Here are historic rates for gas: http://www.atcogas.com/Rates/Documents/South-Low-Use-Jan-2006-to-Current-Rates.pdf

There are only a couple months of the year where I would have benefited from being on the fixed rate, but some of those are staggering (ex: March, 2014 when rates were over 9.00/GJ).

Given that ENMAX has dropped their fixed rates (6.99/kWh and 4.99/GJ), I may have to put more analysis into this!


----------



## Mike1 (Jul 22, 2015)

Hi,
Thank you so much. So I think floating is good. Also, is direct energy good if I am bundling electricity and gas?
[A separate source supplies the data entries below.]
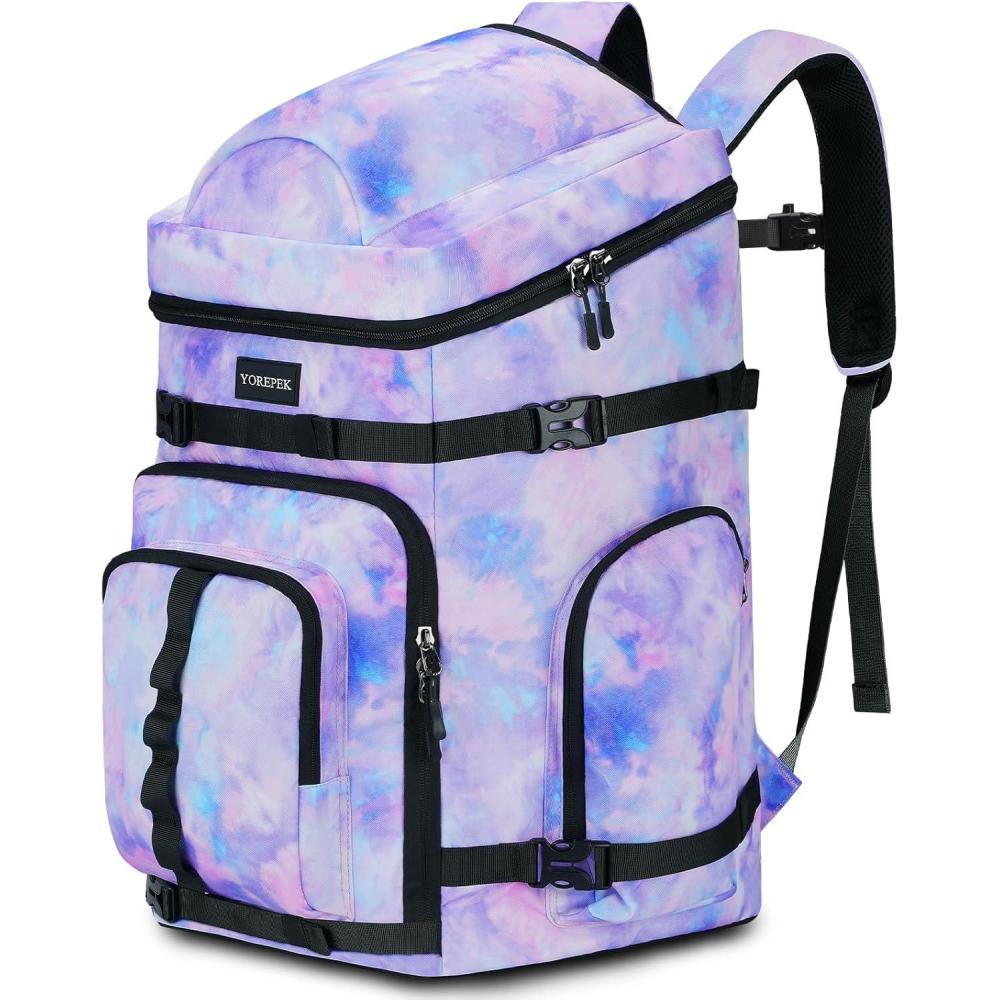 imageYOREPEK 65L Ski Boot Bag Backpack with 8 Pockets Waterproof Ski Snowboard Boot Bags for Air Travel Ski Gear Bag Backpacks for Boots Helmet Goggle Gloves Pants Jacket Accessories for AdultsDyeing Purple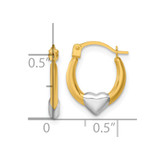14k with White Rhodium Polished Heart Hoop Earrings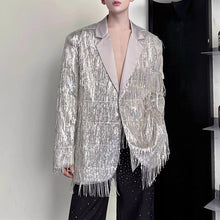 Load image into Gallery viewer, Lapel Casual Sequined Tassel Blazer
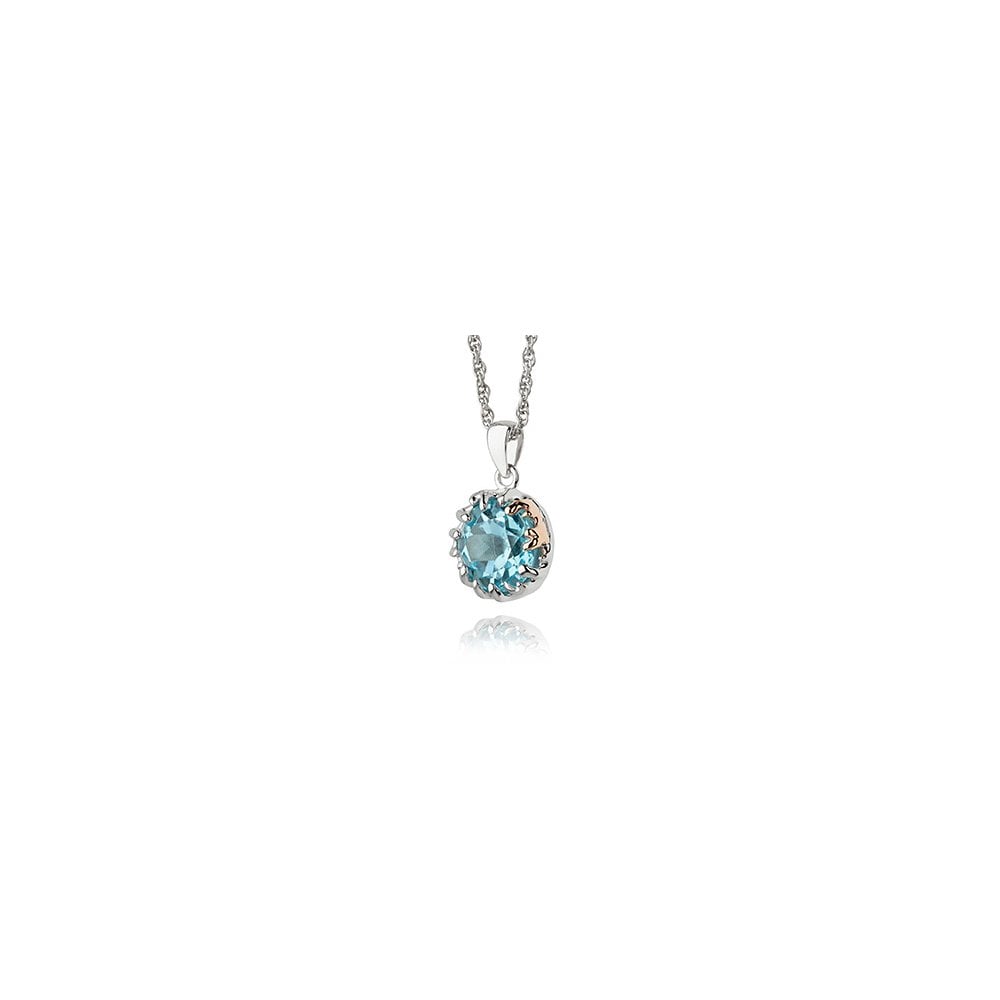 Clogau real silver, blue topaz and rose gold detail pendant with real silver chain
Admin cost for electricity and gas through enmax is around $14 and through direct energy it is around $9

Thank you


----------



## crr243 (Nov 2, 2015)

Mike1 said:


> Hi,
> Thank you so much. So I think floating is good. Also, is direct energy good if I am bundling electricity and gas? Admin cost for electricity and gas through enmax is around $14 and through direct energy it is around $9
> 
> Thank you


You have 2 posts on the same topic. I answered this in your other post.


----------